Повторяю, перечисляю только минусы. На всё это Вы совершенно справедливо можете мне ответить: “А что же Вы можете мне тут гарантировать?” Действительно, мы, друзья Ваши, можем только обещать всячески для Вас стараться делать всё, что можем. Знаю, что это немного.
Я прекрасно понимаю, как Вам тяжело. Мои чувства к Вам не могут измениться и не изменятся, как бы Вы ни поступили. Извините, что пишу Вам обо всем этом. Никакого совета в таком вопросе я Вам дать не могу и не даю. Мне казалось только при чтении Вашего письма, что Вы хотите знать мое мнение».

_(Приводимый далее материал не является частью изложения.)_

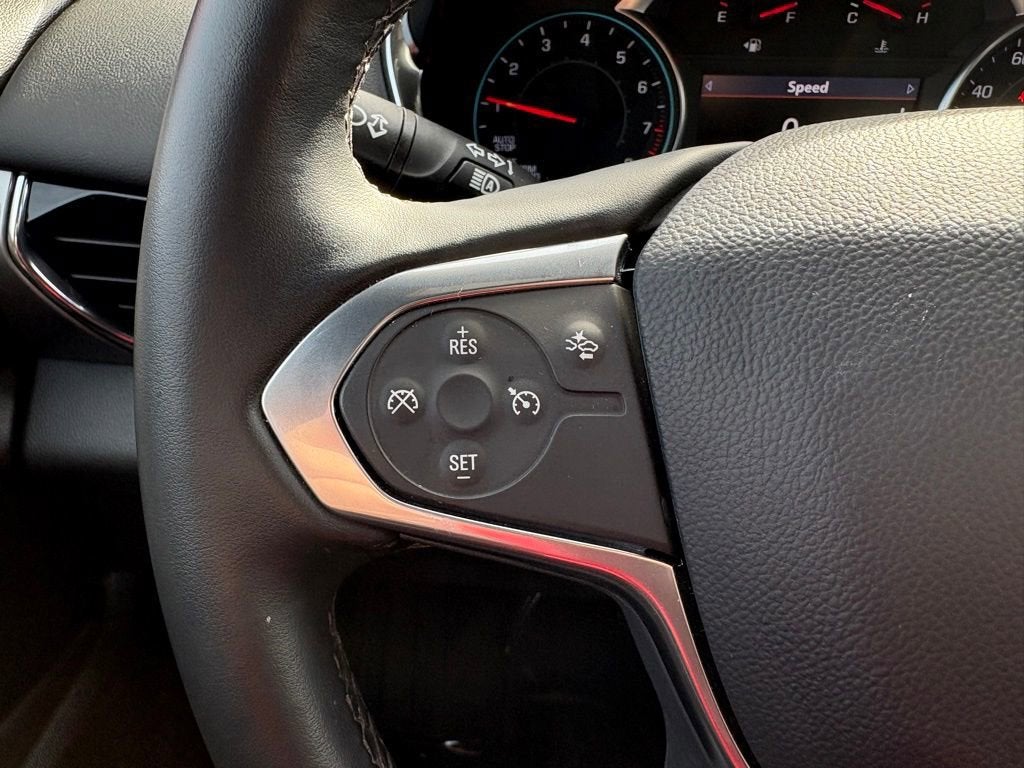 2023 Chevrolet Traverse LT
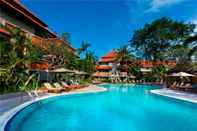 Swimming Pool White Rose Kuta Resort, Villas & Spa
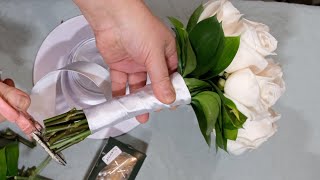 Arranging a perfect bridal bouquet with 12 roses [upl. by Nyloc]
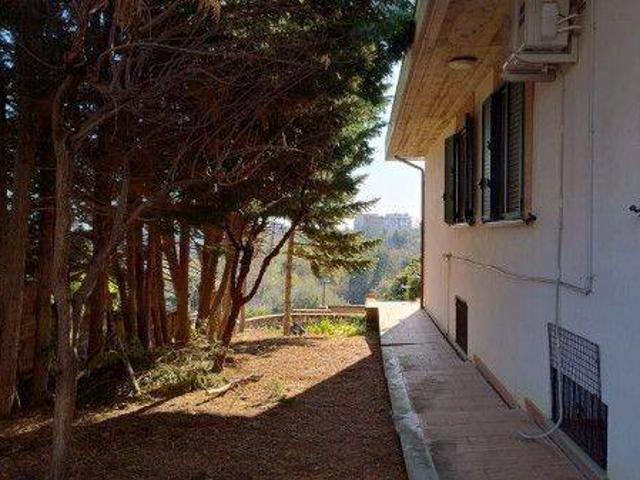 Villa Indipendente in vendita a Passo della Noce, Vasto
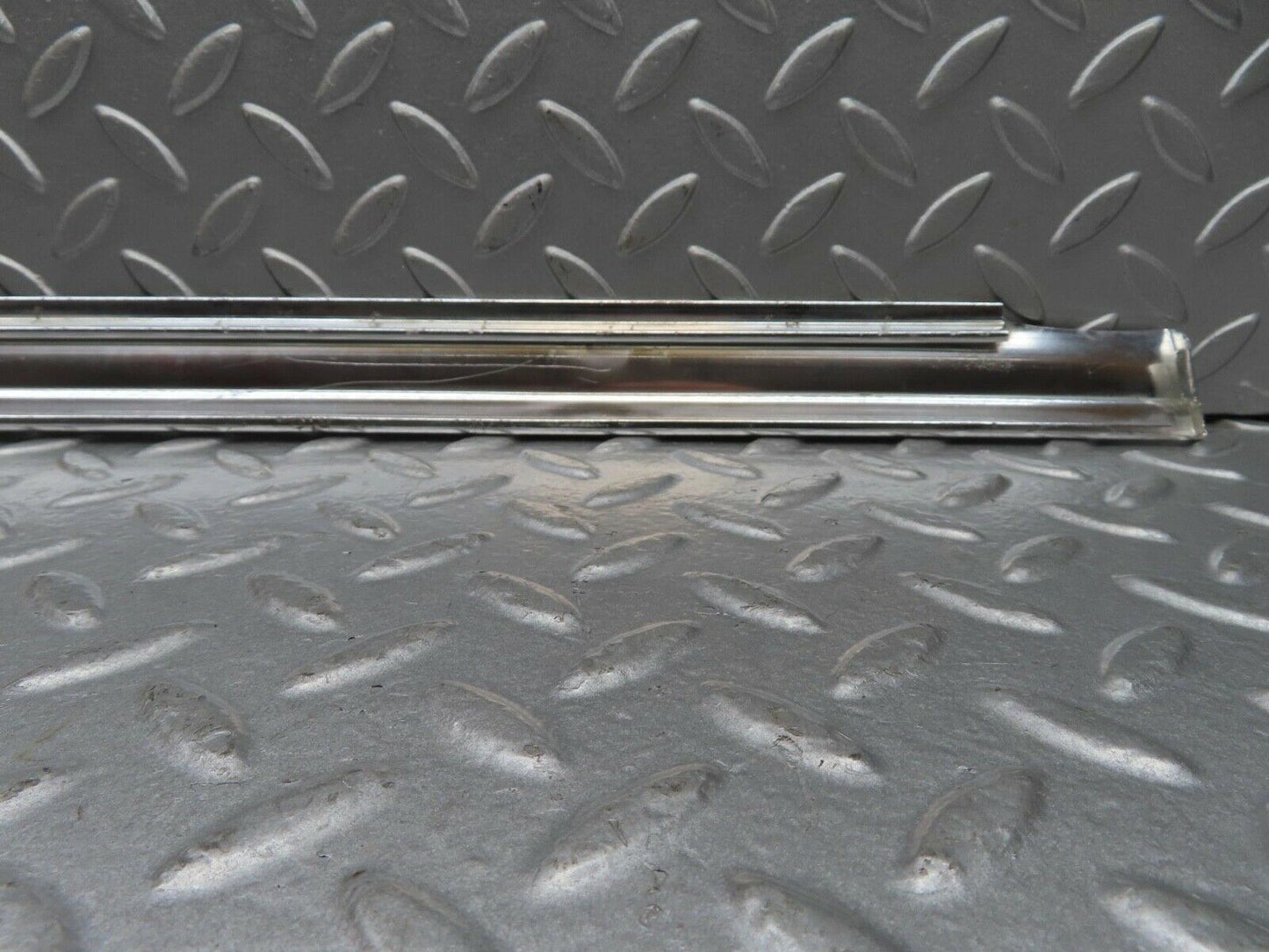 13029 Mercedes-Benz W111 220S Front Right Door Chrome Moulding Trim
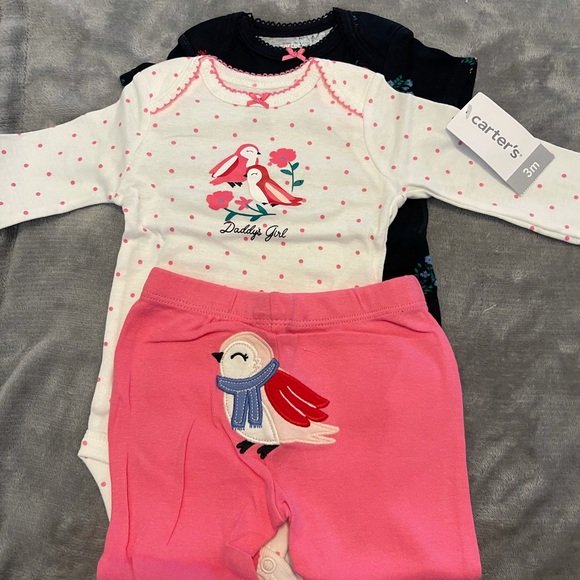 Carter’s sets - Picture 2 of 4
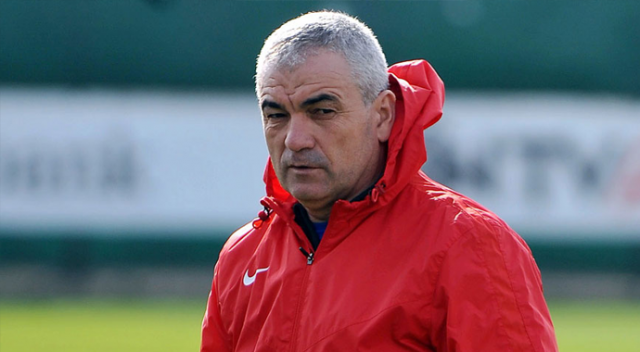 Trabzonspor&#039;un yeni teknik direktörü belli oldu!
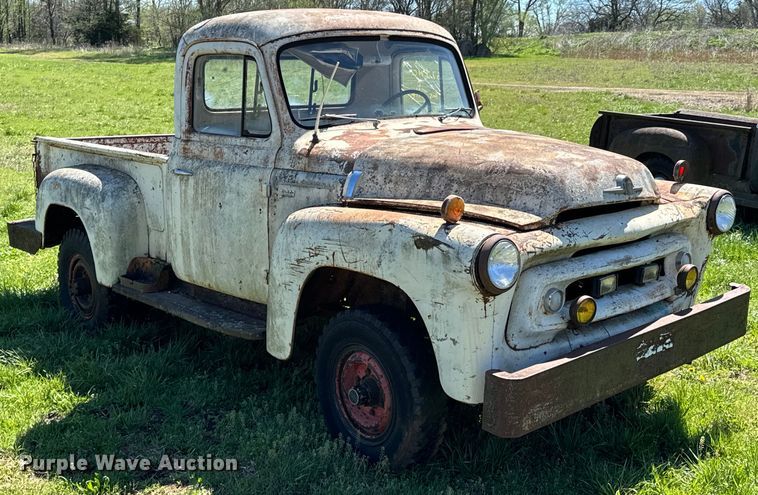 image for item ND9172 1957 International S-120 pickup truck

12 июля Бунин пишет Алданову:
«…Дорогой Марк Александрович, уже с месяц тому назад получил 6 книг «Нов< ого > журнала» (от 4-ой до 9-ой включ< ительно >, с большим сожалением, что не получил 1-ой, 2-ой, и 3-ей) и, конечно, первым делом прочел Ваш роман < “Истоки”– М. У> – на этот раз особенно интересный и широкий, – поистине удивительный Вы человек и писатель! – несколько непонятный мне только в одном (пока, м<ожет> б<ыть>) – в личности художника, который почему-то хочет или должен – видеть Бакунина и Маркса; с большим нетерпением жду продолжения; <… >Книги же своей и до сих пор не получил, хотя уже несколько раз просил о ней Цвибака, – помогите, дорогой друг, в этом!
<…>
Теперь о Вашем письме от 29-го июня. Не очень я “балую” Вас сведениями о себе? Но, дорогой мой, на то есть две причины; о первой из них я Вам уже писал: мы добрались сюда бесконечно усталые от ликвидации нашей жизни на V.illa Jeannette, здесь бесконечно устали от разборки великого множества чемоданов с нашим жалким имуществом и приведения в мало-мальски сносный вид нашей квартирки, совершенно дьявольски загаженной моими постояльцами; сбились с ног и от посетителей; а кроме того почти тотчас я заболел – сперва грипп, жар, насморк, потом кашель, мучивший меня – особенно по ночам – месяца полтора беспрерывно и ослабивший меня, и без того ужасно слабого, уже до полной потери воли и способности написать сносно даже открытку; прибавьте к этому хлопоты и заседания у нас по устройству моего вечера, – 19 июня я читал <…> – с ужасной болью в груди, надорванной кашлем, но, слава Богу, с успехом, при переполненном зале и с заработком тысяч в тридцать (из чего нельзя однако заключить, что дела мои очень поправились <т. к. нужно выплачивать много долгов – М. У.>. <…> Очень благодарю, что поправили мою ошибку в “Чистом понедельнике”. Вы спрашиваете: “Пришлете ли Вы нам другие Ваши рассказы? Или Вы предпочитаете “Русс<кие> Новости>?” Но, дорогой мой, ведь у Вас еще есть 2 моих рассказа (“Мадрид” и “Второй кофейник”) – или они Вам не нравятся, не подходят? Сообщите, пойдут ли они? Я просто стеснялся слать Вам еще, а никак не “предпочитаю” – просто очень нужны были те 4 тысячи, кои я получил за “Холодную осень”; “хорошей” газету я вовсе не нахожу, убедился в этом тотчас после того, как прочел первый №. Ехать я никуда не собираюсь – поживем – увидим… хотя, на что, чем поживем? Сердечно обнимаю Вас и Т<атьяну> М<арковну>».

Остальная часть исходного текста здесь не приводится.